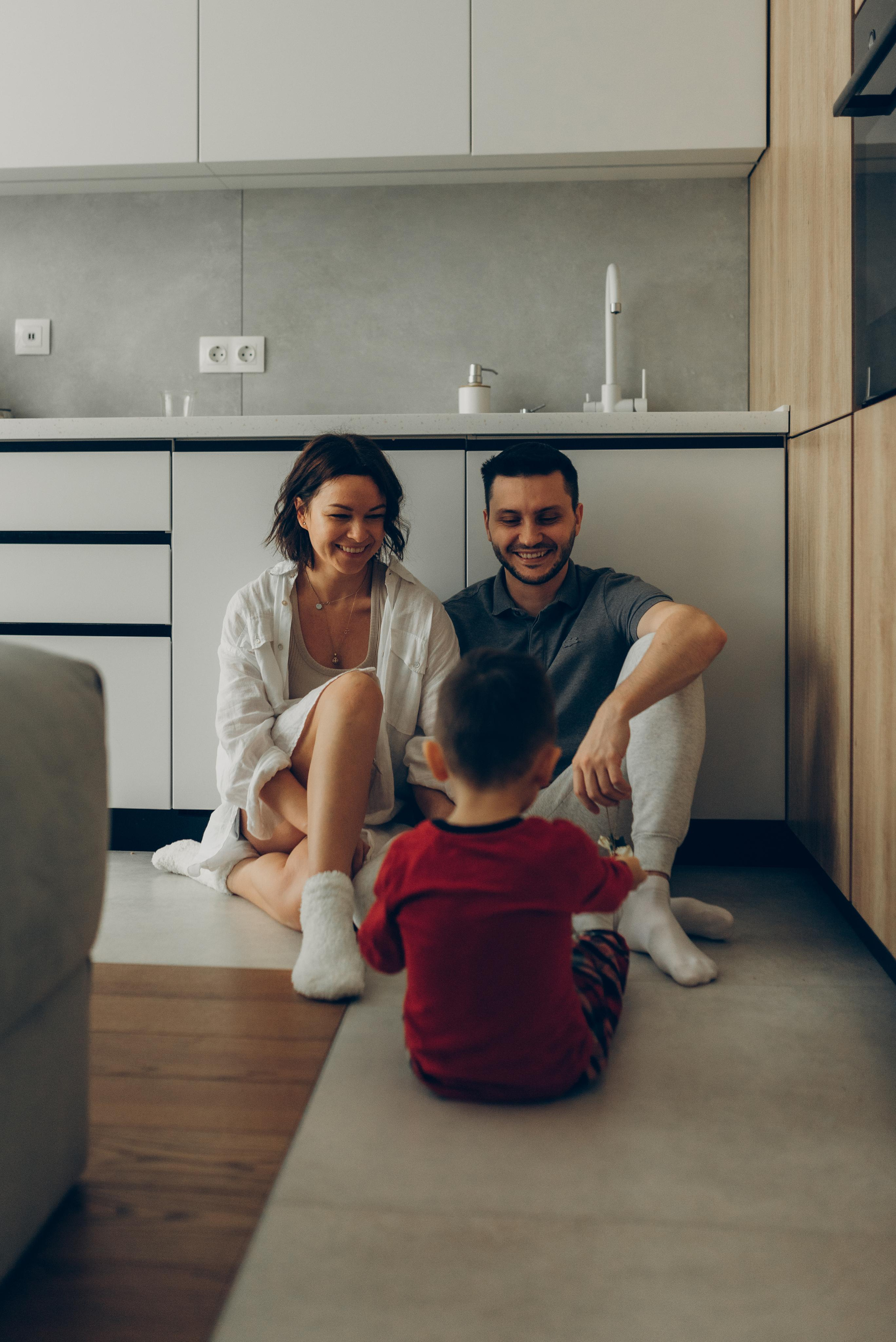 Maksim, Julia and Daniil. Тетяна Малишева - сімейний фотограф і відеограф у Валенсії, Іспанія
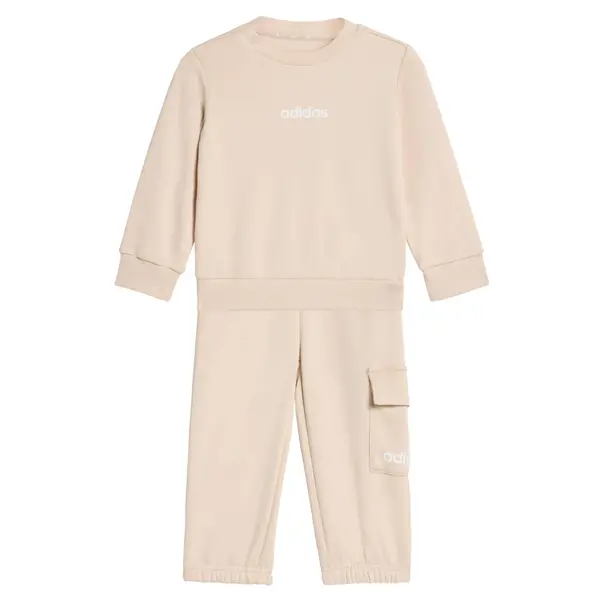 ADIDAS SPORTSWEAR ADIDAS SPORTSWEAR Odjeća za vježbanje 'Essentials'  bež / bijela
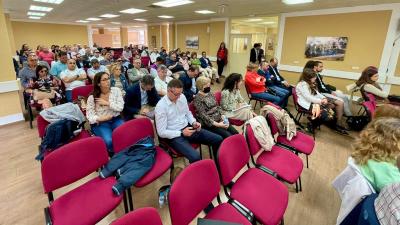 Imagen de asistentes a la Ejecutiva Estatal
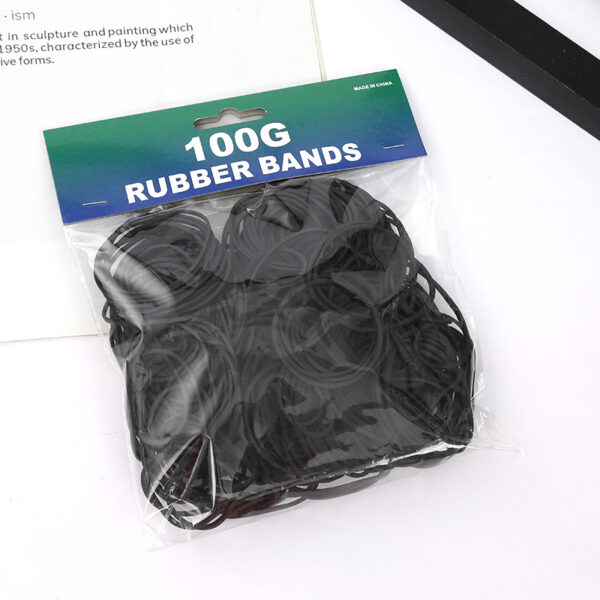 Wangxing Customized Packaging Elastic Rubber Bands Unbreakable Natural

...

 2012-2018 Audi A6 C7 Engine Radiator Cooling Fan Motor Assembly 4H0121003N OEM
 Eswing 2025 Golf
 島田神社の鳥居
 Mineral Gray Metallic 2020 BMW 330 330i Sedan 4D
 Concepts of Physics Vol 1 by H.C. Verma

Task requirements | Look above for the line with "ADIDAS SPORTSWEAR ADIDAS" and copy exactly from it through the line with "Wangxing Customized Packaging", both included. Omit the pictures.

Answer box |
 ADIDAS SPORTSWEAR ADIDAS SPORTSWEAR Odjeća za vježbanje 'Essentials'  bež / bijela
 Imagen de asistentes a la Ejecutiva Estatal
 Wangxing Customized Packaging Elastic Rubber Bands Unbreakable Natural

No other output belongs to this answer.